- REQUIRED ACTION
Where an image appears in the data, omit it and reproduce the rest exactly.

- SOURCE MATERIAL
══════════

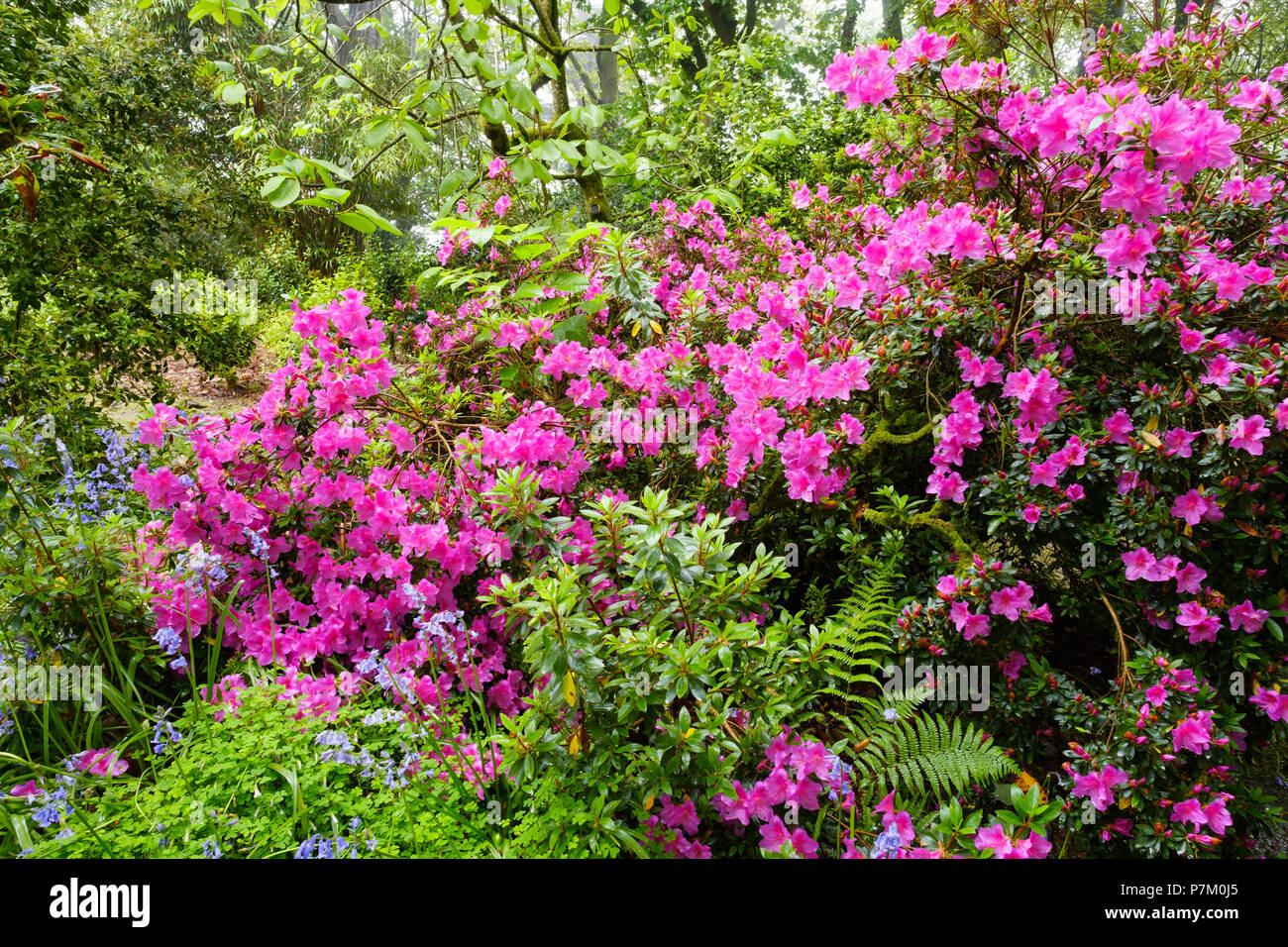 Blühende Rhododendron, Trewidden Garten, von Penzance, Cornwall, England, Großbritannien Stockfoto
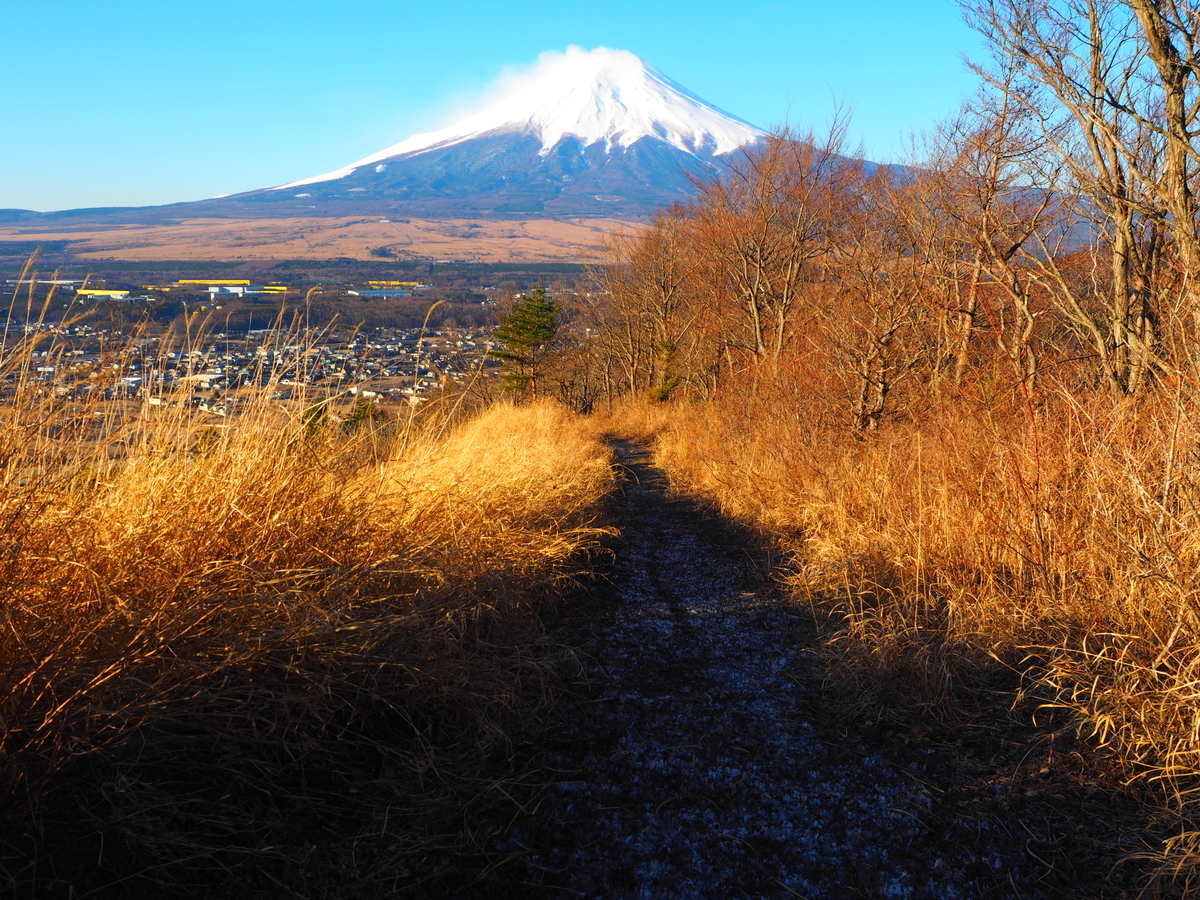 f:id:nobuburi:20190414185743j:plain f:id:nobuburi:20190414185743j:plain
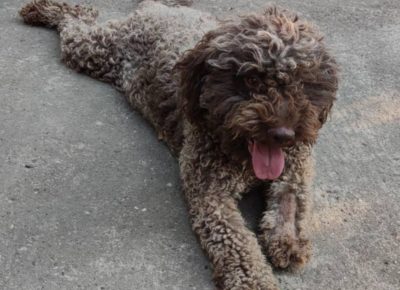 viberimage202109061811560811631032303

══════════

- EXERCISE RESULT
 Blühende Rhododendron, Trewidden Garten, von Penzance, Cornwall, England, Großbritannien Stockfoto
 f:id:nobuburi:20190414185743j:plain f:id:nobuburi:20190414185743j:plain
 viberimage202109061811560811631032303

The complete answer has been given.